Newcomers flock to Clark County

    Clark County gains nearly 7,000 residents from April 2015-April 2016.

    Clark County’s population grew to 461,010 this year and continues to grow, primarily because people are moving here.

    That may be a no-brainer to anybody clued into the tight local housing market, but population estimates released Thursday by the state Office of Financial Management show just how substantial migration to the area is.

    While the county population grew by about 10,000 people between 2015 and 2016, almost 7,000 of them were newcomers. That’s the biggest gain in newcomers since 2005-2006.
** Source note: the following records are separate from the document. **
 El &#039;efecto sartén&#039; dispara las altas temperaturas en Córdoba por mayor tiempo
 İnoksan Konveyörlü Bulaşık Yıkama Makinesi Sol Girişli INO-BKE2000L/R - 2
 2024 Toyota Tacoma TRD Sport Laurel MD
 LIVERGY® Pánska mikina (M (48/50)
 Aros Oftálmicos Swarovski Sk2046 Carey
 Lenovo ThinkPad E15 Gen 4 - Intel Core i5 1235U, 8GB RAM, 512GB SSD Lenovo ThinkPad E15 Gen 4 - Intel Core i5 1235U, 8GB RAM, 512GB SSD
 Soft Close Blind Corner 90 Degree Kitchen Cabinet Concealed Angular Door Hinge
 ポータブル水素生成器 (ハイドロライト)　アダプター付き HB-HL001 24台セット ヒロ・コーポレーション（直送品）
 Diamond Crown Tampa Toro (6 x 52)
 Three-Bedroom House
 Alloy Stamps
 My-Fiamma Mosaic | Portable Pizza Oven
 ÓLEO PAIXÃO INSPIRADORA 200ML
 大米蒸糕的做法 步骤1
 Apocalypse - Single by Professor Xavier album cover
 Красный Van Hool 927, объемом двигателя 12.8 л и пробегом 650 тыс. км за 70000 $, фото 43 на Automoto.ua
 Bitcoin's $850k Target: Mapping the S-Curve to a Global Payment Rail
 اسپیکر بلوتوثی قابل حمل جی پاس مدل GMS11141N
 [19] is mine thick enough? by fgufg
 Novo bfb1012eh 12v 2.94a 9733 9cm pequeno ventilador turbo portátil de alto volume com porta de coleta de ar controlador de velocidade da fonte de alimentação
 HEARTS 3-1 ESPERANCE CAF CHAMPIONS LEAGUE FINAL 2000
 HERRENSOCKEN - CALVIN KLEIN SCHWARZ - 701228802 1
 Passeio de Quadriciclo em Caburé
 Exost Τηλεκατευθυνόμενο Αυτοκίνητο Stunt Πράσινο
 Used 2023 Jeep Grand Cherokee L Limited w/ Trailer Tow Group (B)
    Keep in mind that people moved away from Clark County between 2009 and 2010. And, from 2010 to 2011, the county gained just 189 newcomers.

    “Back then, people were trapped because of the housing market. A lot of people couldn’t sell their houses and couldn’t move,” said Yi Zhao, Washington’s chief demographer. “Migration was low nationwide.”

    The recent surge in new residents is part of the economic recovery story.

    Between 2015 and 2016, Washington’s population grew by 1.73 percent — the fastest pace since 2007, OFM said. About 87,000 people moved to Washington, bringing the total population to 7,183,700. Newcomers account for over 70 percent of the state’s population growth. Seattle alone gained more than 39,000 new residents.

    Clark County’s population grew 2.03 percent from April 1, 2015 to April 1, 2016, making it the third fastest-growing county in Washington behind King (2.55 percent) and Kittitas (2.44 percent) counties.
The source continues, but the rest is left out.